March 11, 2007


8 ways to show speaking skills in a meeting

8 March, 2007
By Jeff Wuorio

How you come across as a meeting participant can be pivotal. The skills involved in getting your point across are not vastly different than those of a keynote speaker giving a speech to a meeting group.

"Just because the spotlight isn't shining directly on you doesn't mean that you can't be seen," says Susanne Gaddis, a Chapel Hill, N.C., speech coach and communications authority.

Like public speaking, the art of effective business-meeting communication is very much a learnable skill. Here are eight important, yet often overlooked, tips on speaking well as a meeting participant.

1. Keep it upbeat. Speech tips and body language aside, nothing is more critical to constructive give-and-take in a meeting than emphasizing the upside. Rather than criticizing, stay focused on the implicit value of what someone else says. It's not just Pollyanish. A study at the University of Michigan suggests that a preponderance of positive remarks at business meetings genuinely contributes to successful companies. Try keeping score between positive comments and those designed more to sting than support.

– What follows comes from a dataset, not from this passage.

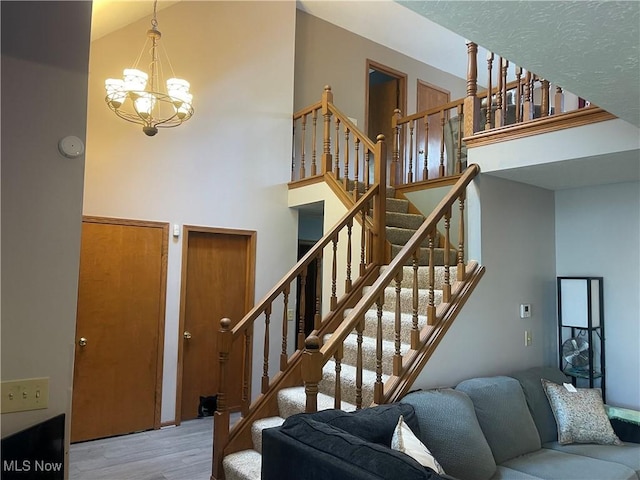 7687 Galena St NW, Massillon, OH 44646 - stairway featuring a high ceiling, a chandelier, and wood finished floors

"Stay solution focused, offering up twice as many positive comments as you do negative," Gaddis says. "When it's possible, affirm others' ideas by using active and constructive feedback. For example: 'I really like Bill's idea on how we can use a different approach when responding to customer complaints.'"

2. Talk to the entire group. We've all been treated like a fifth wheel -- being part of a group, but somehow off the planet when someone is supposedly addressing everyone in the room. Don't make the same snafu. When speaking in a group, move your eyes around and talk to anyone who's listening to what you have to say. "When responding to a question, address the entire group, not just the person who asked the question," Gaddis says. "In this way, everyone feels included."

3. Reach out and encourage feedback. Another meeting pitfall is that hollow sound of silence -- comments by speakers that disappear over the horizon leaving no follow-up discussion in their wake. This silence is not golden. So actively encourage comment and feedback based on what you have to contribute. Not only does that make for a better meeting, but it can broaden, amplify and substantiate your remarks.

"Get your point across but also open it up for discussion," says John Baldoni, an Ann Arbor, Mich., consultant and the author of "Great Communications Secrets of Great Leaders." "Call on people and ask them what they think. The point is not just to be a participant, but also a facilitator."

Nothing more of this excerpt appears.